Urinary incontinence has become a severe problem affecting about a third of the US citizens, according to the American Urological Association. The huge number of patients is because the condition affects people of all ages, men and women alike.

The condition is often surrounded by stigmatization and social embarrassment. This is because many people don’t understand what it is and how it can be managed. Fortunately,  medications and interventions can help victims manage incontinence and pursue an active life.

That said, let’s take a look at what urinary incontinence is, and its symptoms around the various types of incontinence. We’ll also explore diagnoses, procedures, and treatment options for subsequent healthy living.

urinary incontinence

What’s Urinary Incontinence

Loss of bladder control, a problem with millions of people today, can be a sign that you are ailing from urinary incontinence. People suffering from it can’t always control how and when to urinate. Depending on the severity, you might involuntarily release small amounts of urine when you laugh or cough or experience strong urges to urinate that are often difficult to control.
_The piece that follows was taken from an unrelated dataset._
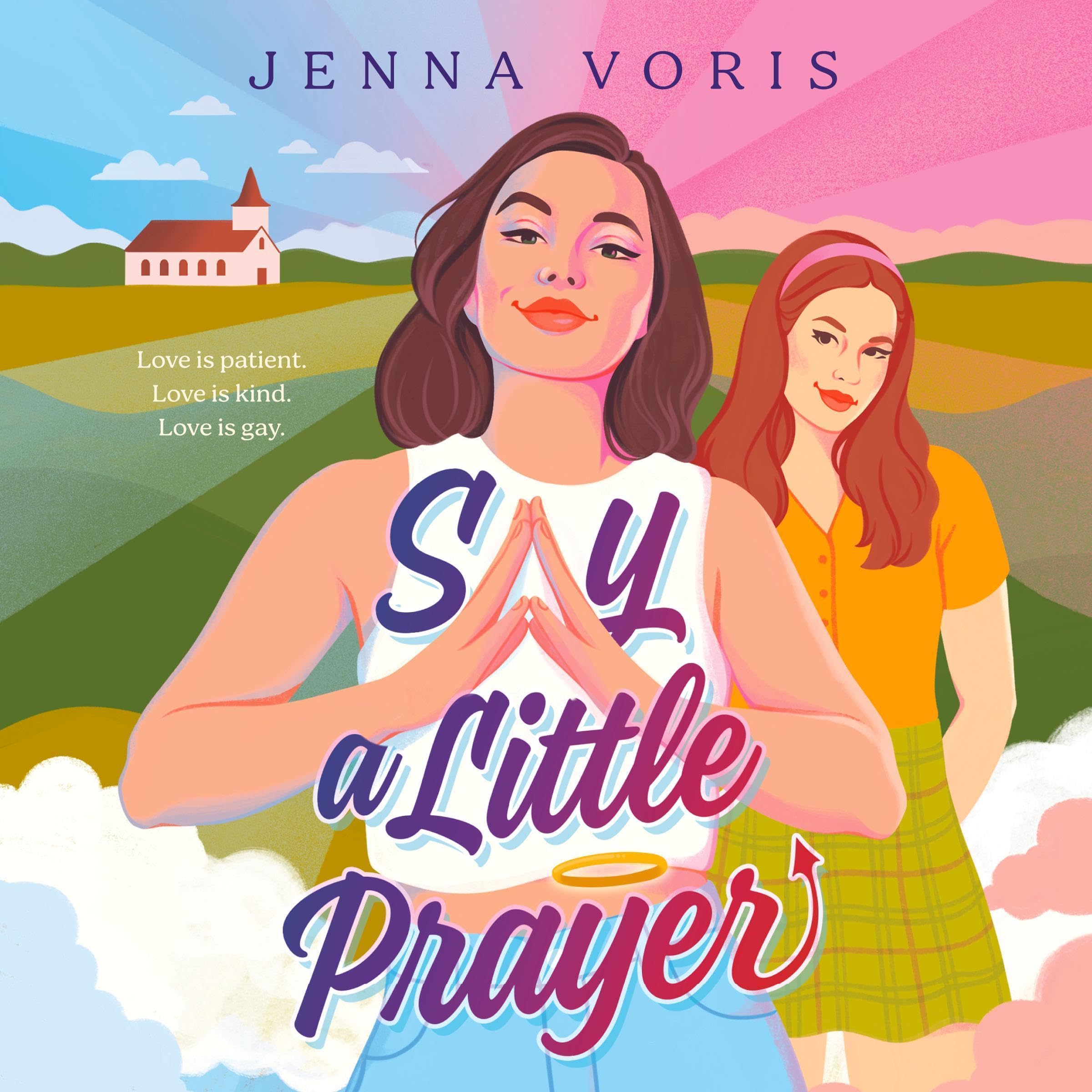 Cover art for Say a Little Prayer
Subsequently, urinary incontinence can be embarrassing, especially in social setups. It could lower your self-esteem because people become discriminative and unfriendly to you, and typically, social nonacceptance can bring more adverse effects. Moreover, it’s often difficult to perform daily activities if you have urinary incontinence issues because you’ll want to change clothes often to relax and feel a bit comfortable.

Luckily, the introduction of adult pull on diapers has made urinary incontinence care more achievable without compromising one’s daily routine or self-esteem. Typically, adult pull-ons are highly absorbent, discreet, and comfortable diapers that patients wear to manage the issue.

Moreover, pull-ons are often skin-friendly, so there are no worries that you need to take skin treatments after using them, which can add to the cost. They are also odor-free and environmentally friendly and come in various sizes.

Over the years, urinary incontinence has been a rampant issue for the aging population. Today, though, adults and children of either gender could be a victim. So, it’s crucial that everyone seeks medical care, changes lifestyles, or gets an adult diaper whenever there is a possibility they’re having the issue.

Symptoms of Urinary Incontinence

Unless we understand the various types of incontinence, we won’t understand the symptoms of urinary incontinence. So, let’s look at it. Although urinary incontinence is characterized by dysfunction of the blander, it occurs differently, and so it is grouped into six major categories.

1. Urge Incontinence

Do you often experience a sudden, uncontrollable urge to urinate? One that leads to an involuntary flow of urine in seconds? That’s probably urge incontinence, a urinating urge that comes suddenly and is impossible to ignore.

Urge incontinence occurs when the bladder muscles contract more often and at the wrong time. Ideally, the bladder assumes it is full when it’s not and releases urine. Because of its sudden nature, urge incontinence may result in frequent rounds to the bathroom to stay clean and healthy. But this can be frustrating and limiting.

Urge incontinence can result from a minor infection that affects the bladder or a more severe cause like diabetes or neurological disorder.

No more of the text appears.